MR. UNIVERSE
Page 17
GRIP and BEST BOYD are eating lunch near the blanket but not on it. They are each reading a gay porn magazine.
GRIP. Did anybody see the ship yet?
BEST BOYD. Nope.
GRIP. Is anybody keeping watch?
BEST BOYD. Of course somebody’s keeping watch. Relax.
GRIP. I just got the creeps, that’s all.
BEST BOYD. Nobody can fault you for that.
GRIP. This place is so goddamn quiet.
BEST BOYD. Of course it’s quiet. There’s nobody here.
GRIP. I wish we would finish up and get the hell out of here.
BEST BOYD. Relax. You want to go for a swim later?
GRIP. Hell no I don’t want to go for a swim.
BEST BOYD. It’s a shame to waste all this beach.
GRIP. I’ve had enough of this beach for one lifetime. The minute I see that ship I’m getting my ass out of here.
BEST BOYD. It’s not due here for a while.
GRIP. I don’t care, I’m keeping my clothes on.
BEST BOYD. Suit yourself.
(They eat again in silence.)
GRIP (looking offstage, seeing a crowd of people). Where’s Joe? I see everybody else but I don’t see Joe.
BEST BOYD. Probably back at the helicopter fucking the pilot, if I know Joe.
GRIP. Goddamn, he better not be.
BEST BOYD. You can’t tell him nothing.
GRIP. If he’s too tired to get it up this take I’m going to kick his ass.
BEST BOYD. Big talk. You can’t kick a star.
GRIP. The hell I can’t.
BEST BOYD. Blue Donna won’t like that kind of talk around Joe.
GRIP. Fuck Blue Donna. If that son of a bitch keeps me here one minute longer than I have to be here I will kick his ass from both ends. Pea-brain bastard. I knew he was trying to get in the pilot’s pants.
BEST BOYD. So were you. So was I. So was everybody.

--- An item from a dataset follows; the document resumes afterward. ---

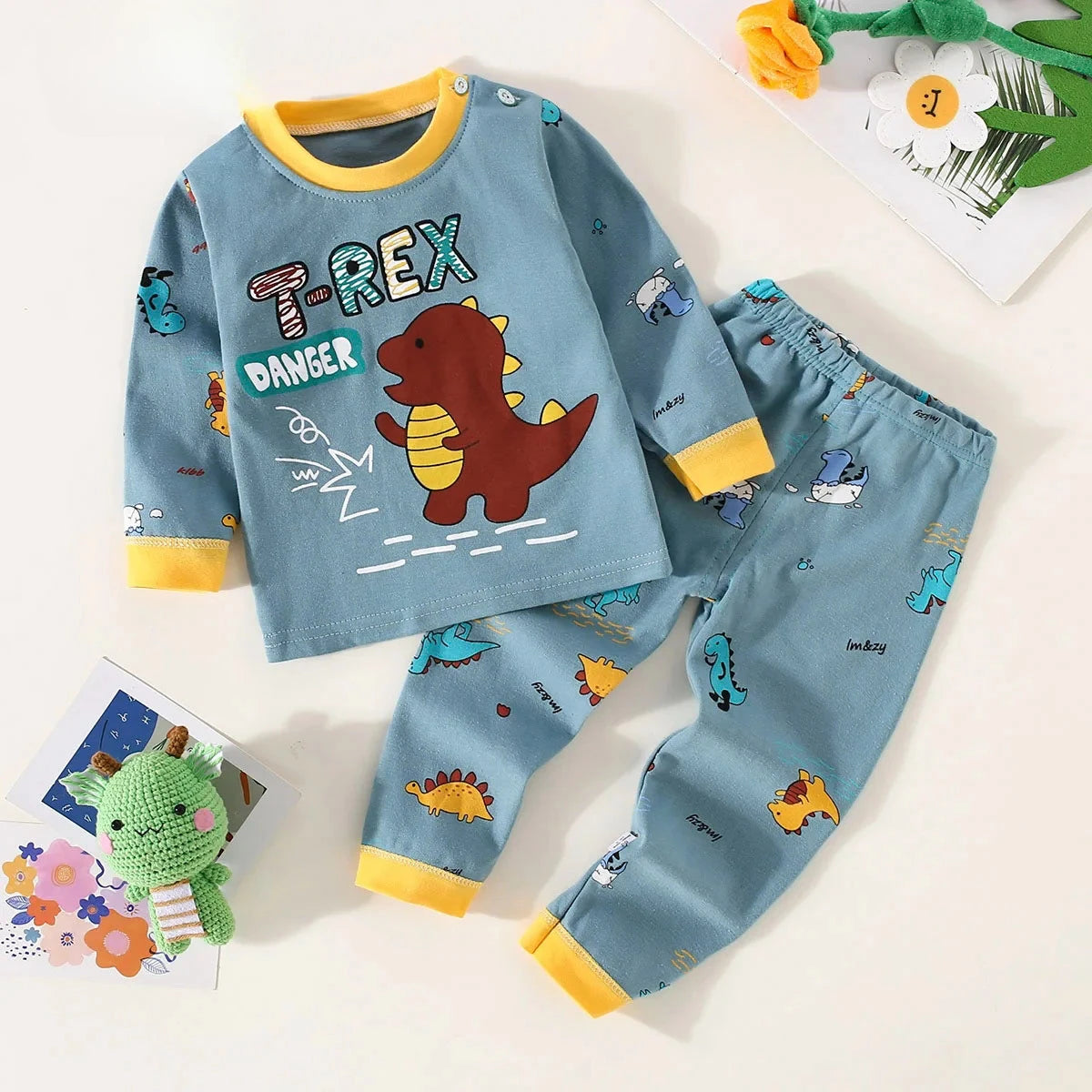 Ensemble de pyjama en coton pour tout-petits garçons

GRIP. Prissy little stuck-up jerk.
BEST BOYD (checking watch). Won’t be long now.
GRIP (nervously). What won’t be long?
BEST BOYD. The end of lunch. What do you think, I’m going to sit here and let a bomb fall on us?
GRIP. I’m just edgy, that’s all.
(Enter PUG MONTREAT.)
MONTREAT. This heat.
BEST BOYD. You said it.
MONTREAT. It’s just unbelievable. I don’t see how these natives in these mythical places stand it.
BEST BOYD. It must be hard.
MONTREAT. This heat and these bugs.
BEST BOYD. Of course there’s nobody here anymore.
MONTREAT. True.
BEST BOYD. I walked in the village and didn’t even see a lizard on a rock.
MONTREAT. I don’t actually see what that’s got to do with the heat.
BEST BOYD. If there were more people here to absorb the heat it would be cooler.
GRIP. I read about that.
BEST BOYD. If this place was, like, a resort, we would be absolutely air-conditioned.
GRIP. This magazine article. Maybe it was in Time. Or Life.
MONTREAT. How much longer is it?
BEST BOYD. Till what?
MONTREAT. Till we can leave.
BEST BOYD. We just got this last session on the blanket.
MONTREAT. Am I in this one?
(GRIP stifles laughter.)
BEST BOYD. No sweetheart, this is just Joe and you-know-who.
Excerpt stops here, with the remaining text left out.